I sat beside him on the cold, stone step and just let him cry. I'm not certain when he actually noticed I was there. He just suddenly stiffened and sat up, wiping his face on his robes. "Go ahead, Mudblood, go run to Potty and the Weasel and tell them that Draco was crying," he growled, standing up with a swish of his robes. It always impressed me how pure-bloods always seemed to do that with their robes. Like the robes were a part of them, and I suppose they were in a way.
I stood up, dusting off my dress. "I'm not going to tell anyone," I said. "Why would I?" He didn't answer but headed off toward the Slytherin dungeons. And that was where it all started. When the proverbial curtains were drawn and I realised that Draco Malfoy was just a boy. He had feelings, too. Of course, on some level I always knew that but this was the big revelation. Draco was human, and Draco was hurting. And I'm the first to admit that Harry wasn't the only person with a "saving people" complex. I just couldn't leave things be. That would have been the smart thing. But again, I'm not always as smart as I think I am. I made it my mission to save Draco.
It started small.
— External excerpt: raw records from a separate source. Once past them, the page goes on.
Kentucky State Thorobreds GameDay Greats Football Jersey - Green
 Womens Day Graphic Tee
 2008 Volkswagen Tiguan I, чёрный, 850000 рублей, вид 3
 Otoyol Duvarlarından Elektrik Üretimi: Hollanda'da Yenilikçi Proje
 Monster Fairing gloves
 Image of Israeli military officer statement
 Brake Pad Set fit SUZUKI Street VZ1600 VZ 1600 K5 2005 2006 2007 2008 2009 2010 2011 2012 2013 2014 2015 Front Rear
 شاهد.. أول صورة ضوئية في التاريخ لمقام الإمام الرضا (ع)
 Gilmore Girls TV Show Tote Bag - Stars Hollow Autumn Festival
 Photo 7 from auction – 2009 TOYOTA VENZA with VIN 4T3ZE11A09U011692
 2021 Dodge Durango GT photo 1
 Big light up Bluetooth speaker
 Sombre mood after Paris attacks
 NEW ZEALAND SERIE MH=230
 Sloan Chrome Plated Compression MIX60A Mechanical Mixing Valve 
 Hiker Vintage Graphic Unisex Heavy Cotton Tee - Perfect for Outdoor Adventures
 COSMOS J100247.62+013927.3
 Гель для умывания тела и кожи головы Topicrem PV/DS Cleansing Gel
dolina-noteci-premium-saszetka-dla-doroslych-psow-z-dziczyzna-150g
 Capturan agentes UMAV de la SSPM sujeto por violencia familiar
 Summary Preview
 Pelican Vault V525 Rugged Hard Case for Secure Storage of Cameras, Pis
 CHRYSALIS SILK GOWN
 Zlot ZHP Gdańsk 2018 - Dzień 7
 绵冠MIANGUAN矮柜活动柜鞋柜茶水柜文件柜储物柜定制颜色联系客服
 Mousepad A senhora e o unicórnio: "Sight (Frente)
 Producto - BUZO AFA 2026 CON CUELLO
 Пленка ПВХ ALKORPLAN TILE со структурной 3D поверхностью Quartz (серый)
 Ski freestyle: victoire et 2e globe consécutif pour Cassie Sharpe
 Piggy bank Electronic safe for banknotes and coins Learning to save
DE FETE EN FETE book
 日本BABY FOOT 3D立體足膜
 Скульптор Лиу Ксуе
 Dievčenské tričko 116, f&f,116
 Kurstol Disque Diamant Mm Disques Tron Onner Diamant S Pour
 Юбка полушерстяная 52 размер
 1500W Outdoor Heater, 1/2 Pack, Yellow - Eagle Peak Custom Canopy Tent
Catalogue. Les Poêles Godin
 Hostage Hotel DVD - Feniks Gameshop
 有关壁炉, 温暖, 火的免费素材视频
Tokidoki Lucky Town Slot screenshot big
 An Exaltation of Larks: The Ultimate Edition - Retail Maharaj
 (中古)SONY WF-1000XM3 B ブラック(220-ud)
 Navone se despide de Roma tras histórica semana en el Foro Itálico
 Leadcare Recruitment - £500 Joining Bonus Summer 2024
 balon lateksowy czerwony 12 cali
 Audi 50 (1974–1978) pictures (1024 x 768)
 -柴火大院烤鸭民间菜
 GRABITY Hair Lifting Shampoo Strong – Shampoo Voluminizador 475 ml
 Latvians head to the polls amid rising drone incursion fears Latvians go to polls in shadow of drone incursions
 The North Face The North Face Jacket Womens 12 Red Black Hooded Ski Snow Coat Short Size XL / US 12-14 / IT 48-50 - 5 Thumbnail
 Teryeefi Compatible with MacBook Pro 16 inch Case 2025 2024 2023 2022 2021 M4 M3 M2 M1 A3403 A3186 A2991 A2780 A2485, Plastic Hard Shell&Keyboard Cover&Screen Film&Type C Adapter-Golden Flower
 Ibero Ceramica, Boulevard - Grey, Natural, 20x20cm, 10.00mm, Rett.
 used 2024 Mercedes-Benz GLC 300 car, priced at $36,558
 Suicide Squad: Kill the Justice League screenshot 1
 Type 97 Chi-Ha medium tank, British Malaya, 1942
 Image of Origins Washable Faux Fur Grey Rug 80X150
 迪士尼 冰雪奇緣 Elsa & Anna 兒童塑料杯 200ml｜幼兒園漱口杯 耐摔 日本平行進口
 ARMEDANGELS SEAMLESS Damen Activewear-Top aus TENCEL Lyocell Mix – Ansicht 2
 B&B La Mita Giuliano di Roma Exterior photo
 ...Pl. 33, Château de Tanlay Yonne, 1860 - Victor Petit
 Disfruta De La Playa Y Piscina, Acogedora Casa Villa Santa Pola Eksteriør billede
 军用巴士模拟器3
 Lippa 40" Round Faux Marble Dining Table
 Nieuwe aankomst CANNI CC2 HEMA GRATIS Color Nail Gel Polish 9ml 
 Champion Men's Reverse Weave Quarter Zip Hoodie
Draco was left at Hogwarts, and I changed my holiday plans at the last minute. I told Ron and Harry that I was going home for the holidays while instead I stayed at Hogwarts. I'm not really sure why I just didn't tell them; maybe it just hadn't occurred to me. I rather liked staying at Hogwarts over the holidays; it was quiet.
Draco didn't seem happy to see me but that wasn't unusual; the two of us lived in perpetual dislike. As the days ebbed on and no tales of Draco Malfoy's cry had surfaced, something changed. He didn't look at me with that constant look of disgust and hatred that he had before. We started talking, Draco and I, started having civil conversations. It only went downhill from there.
I found myself having fun with Draco. Get your minds out of the gutter, people. Our relationship wasn't about sex, far from it; Draco was my intellectual equal (as disgusted as I am to say that), and we discussed everything from Arithmancy, to Ancient Ruins, to History of Magic. You don't know how refreshing it was to find someone that had actually paid attention during Professor Binns's boring and long-winded lectures.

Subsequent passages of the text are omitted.